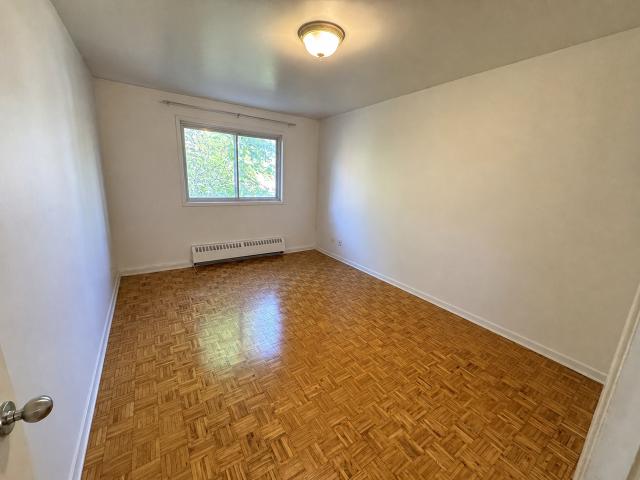 9431 LaSalle Apartments 1 Bedroom Apartment for Rent at 9431 Boul Lasalle, Montréal, QC H8R 2M8 LaSalle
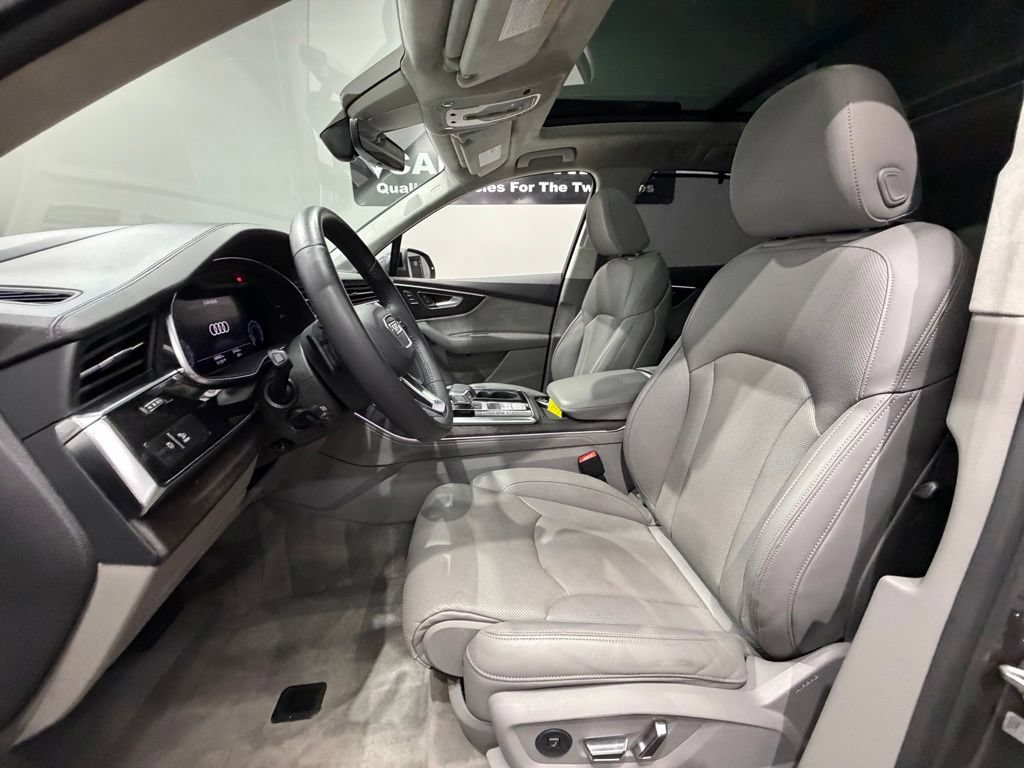 Used 2020 Audi Q7 3.0T Prestige AWD/4WD image 21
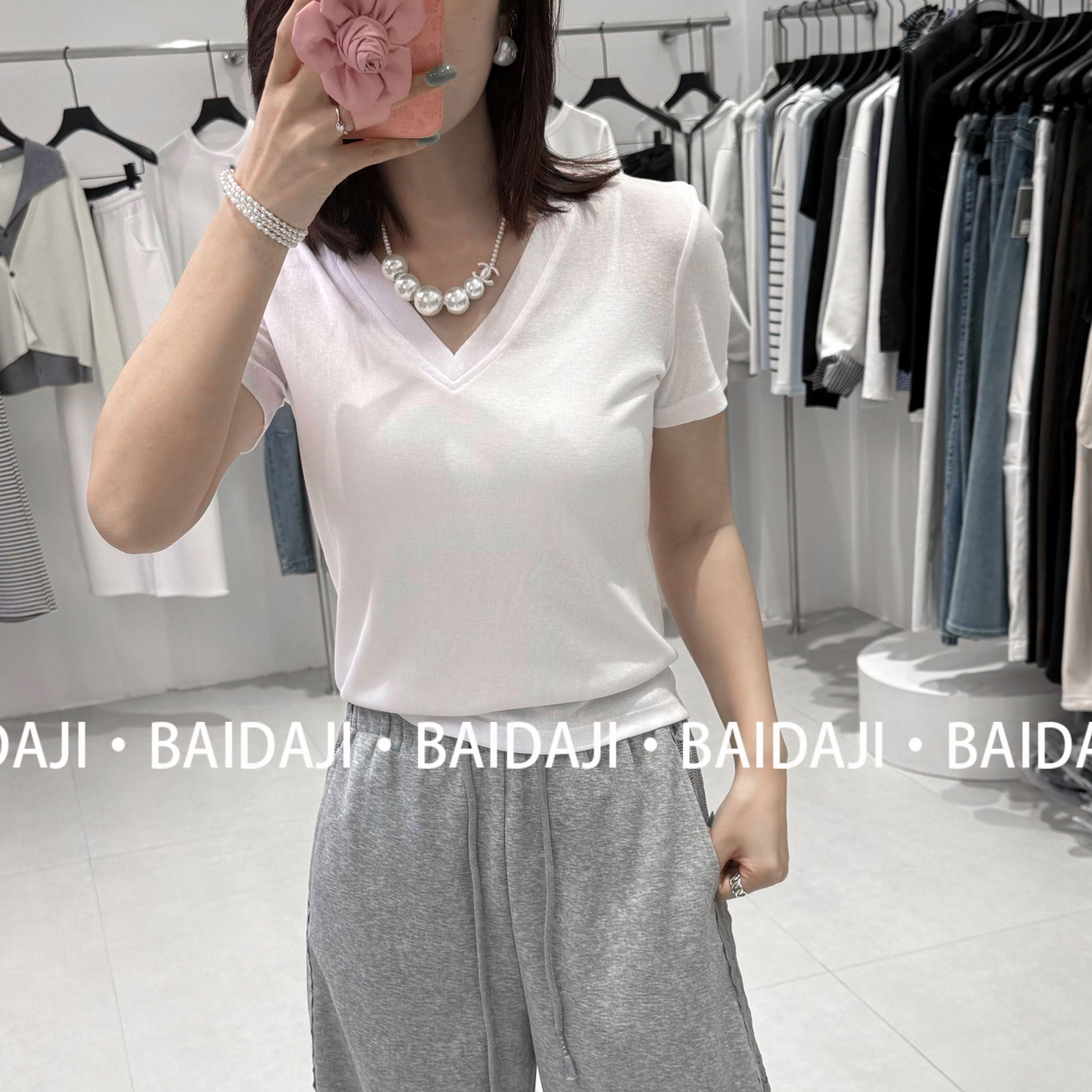 工厂店-【简约大方】V领短袖打底衫正肩打底衫（529926）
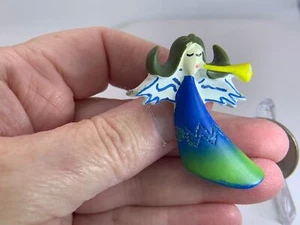 Angel Sounding Trumpet Vintage Glazed Pottery Brooch Pin V-9792 - Picture 1 of 3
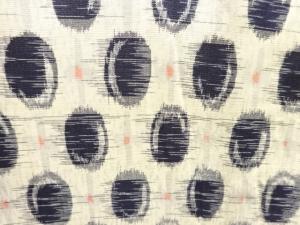 アンティーク　抽象模様織出し銘仙着物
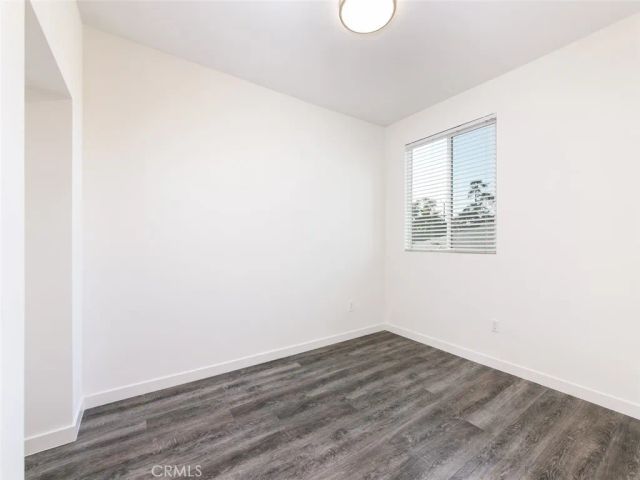 5941 Barton Avenue 102, Los Angeles, CA 90038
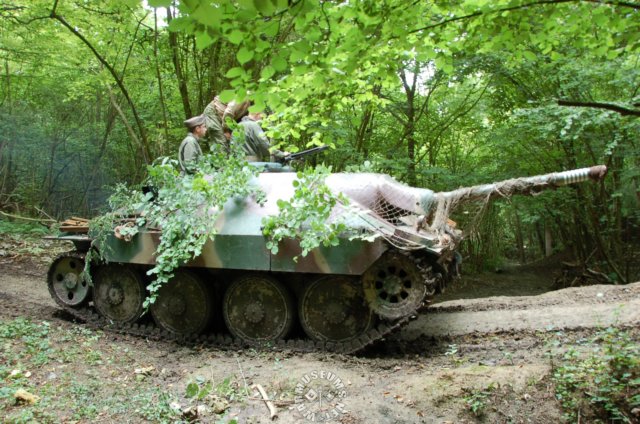 jagdpanzer38hetzer3.jpg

__Problem__. The entire listing above is to be copied exactly, with all pictures omitted.

__Response area__.
 9431 LaSalle Apartments 1 Bedroom Apartment for Rent at 9431 Boul Lasalle, Montréal, QC H8R 2M8 LaSalle
 Used 2020 Audi Q7 3.0T Prestige AWD/4WD image 21
 工厂店-【简约大方】V领短袖打底衫正肩打底衫（529926）
 Angel Sounding Trumpet Vintage Glazed Pottery Brooch Pin V-9792 - Picture 1 of 3
 アンティーク　抽象模様織出し銘仙着物
 5941 Barton Avenue 102, Los Angeles, CA 90038
 jagdpanzer38hetzer3.jpg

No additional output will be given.